CHAPTER IV

Although he had always doubted the phenomenon, Billy’s hair stood on end, and when, in the face of Seyd’s shouts in Spanish to stop, the burros still came on he felt his cap move.

“Billy!” Seyd’s command rang out sharply. “Dismount and lie down. It’s our only chance.”

In that tense moment, however, Mr. William Thornton, assayer and metallurgist, had done an amount of thinking that would have required many minutes of his leisure. He was already on the ground, and as he lay there, arms wrapped over the back of his head as a protection against the sharp hoofs that would presently grind his face in the dust, uncomfortable expectation gave birth to inspiration. As Seyd also braced himself for the shock there came the scratch of a match, and Billy’s red head flashed out in relief against the belly of the leading burro as it upreared in fright at the blaze. In the same moment a second blunt head shoved itself like a wedge between the first burro and the wall, and as the gray body shot off sideways into the chasm Seyd saw first the others sliding in a desperate effort to stop, and behind them the mule whips swinging to drive them on. As under a flashlight it all flamed out and vanished.

In the short time required for Billy to strike a second match Seyd’s mind registered an astonishing number of impressions.

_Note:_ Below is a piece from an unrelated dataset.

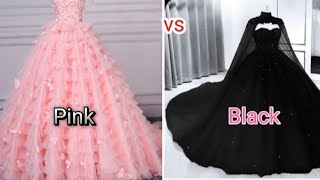 Pink vs Black🖤💖 | black vs pink | Which one is your favorite🤗 Choose one✨🖤💖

A hoarse yell, a sudden scurry of departing hoofs, and Billy’s hysterical profanity formed merely the background of a sequence that flashed back over the events of the day. The scraps of muleteers’ talk the night before, the runaway, and other minor delays, the drivers’ refusal to camp on the rim, their insistence that he and Billy should take the lead, all fused in a belief which he expressed as the second match flaring up showed the trail empty of life between themselves and the next turn.

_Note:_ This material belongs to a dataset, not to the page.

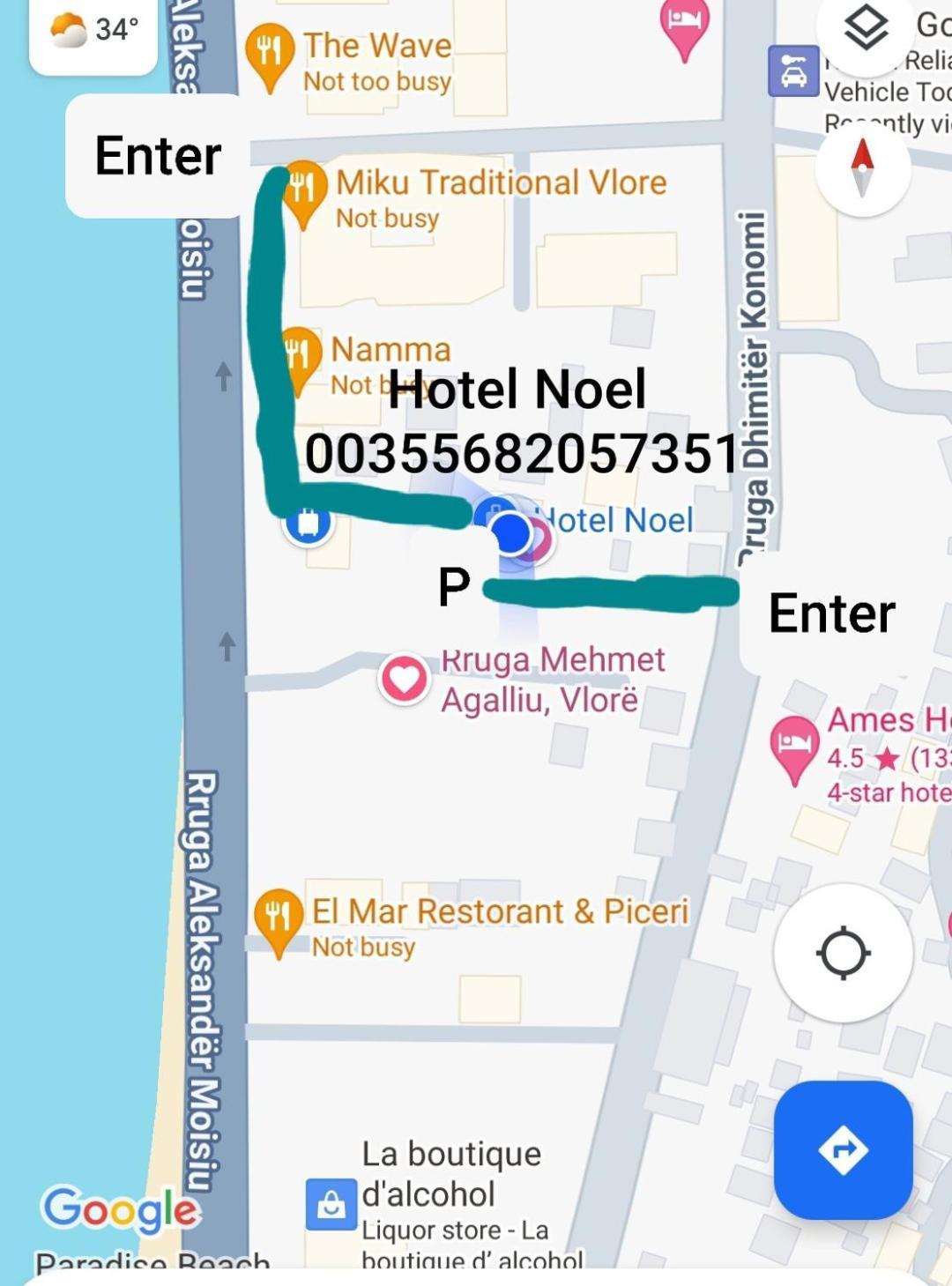 Hotel Noel Vlorë エクステリア 写真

“It’s a frame-up! They knew of the slide. They had it fixed to run us off in the dark.”

“But where are they now?” Billy gazed down into the dark void. “Surely they didn’t all go over.”

“No such luck. The burros bolted back on them, and they just legged it out of the way. Listen!” A scurry of hoofs sounded on the level above. “There they go, and it’s up to us to keep them going. Back your mule up and turn. If we don’t give them the run of their lives we’ll deserve all they tried to give us.”

And run they did. Overtaking the burros just as they began to slow down, Seyd slipped ahead, struck a match close to the tail of the last, and so precipitated the cavalcade once more upon the sweating drivers. Whereafter, they took turns and kept the frightened beasts on a breathless trot up the heartbreaking grades. Under the flare of a match they sometimes caught a glimpse of the muleteers shuffling ahead on a tired run. Occasionally their sobbing breath rose over the scrape of the hoofs. But first one riding, then the other, they hustled them on without mercy till the train opened at last upon the plateau above.